SEM and AFM studies did not reveal any significant morphological differences between the sensing layers of Electrode A and Electrode D, Fig. 2. The roughness measured by AFM was almost identical for both layers (ESI, Fig. S5). In brief, the surface of the sensing layers was represented by hybrid organic–inorganic nanoparticles. Thus, apart from the Pd peak corresponding to Pd-NPs, EDX analysis revealed the presence of Nafion (S and F peaks) and the biocomponent (characteristic C and O peaks in the EDX spectra), ESI, Fig. S6.


image file: d5an00337g-f2.tif
Fig. 2 SEM (A and B) and AFM (C and D) images obtained from the sensing layers of Electrode A (A and C) and Electrode D (B and D).

However, similar morphology and roughness cannot guarantee similar biochemical efficacy of the reconstructed enzyme. Therefore, next, it was necessary to clarify whether the biochemical efficacy of the reconstructed apo-GOx (Electrode D) remained identical to that of the original holo-GOx (Electrode A).

To this end, the properties of apo-GOx after interaction with the cofactor FAD immobilized on the electrode were studied in dynamic AM mode under constant potential of 0.2 V applied for 2000 s. Briefly, in the presence of apo-GOx a gradual time-dependent anodic current increase was recorded from the FAD-modified electrode (Electrode D) regardless of glucose concentration, Fig. 3 (line a and b, shown for 5 mM and 25 mM as a case study).
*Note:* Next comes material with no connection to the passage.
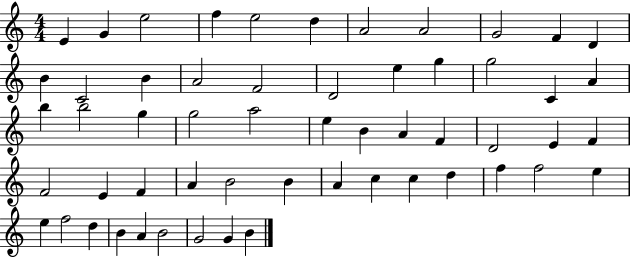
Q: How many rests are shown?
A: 0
Although a gradual, time-dependent increase in anodic current was also recorded the same FAD-modified electrode in the presence of aqueous holo-GOx and glucose (Fig. 3, line c), both the magnitude of the current and the shape of the curves differ noticeably. This suggests that the interaction mechanisms in these systems may not be entirely equivalent.


image file: d5an00337g-f3.tif
Fig. 3 Time-dependent AM responses recorded from: a and b – FAD-modified electrode (Electrode D) examined in a droplet of 5 mM (a) and 25 mM glucose (b) with 1 μg μL−1 of apo-GOx (in situ reconstructed apo-GOx) added; cElectrode D tested in a droplet of 25 mM glucose with 1 μg μL−1 of holo-GOx added; dElectrode A in a droplet of buffer (0 mM glucose); eElectrode A in a droplet of 5 mM glucose; fElectrode A in a droplet of 25 mM glucose.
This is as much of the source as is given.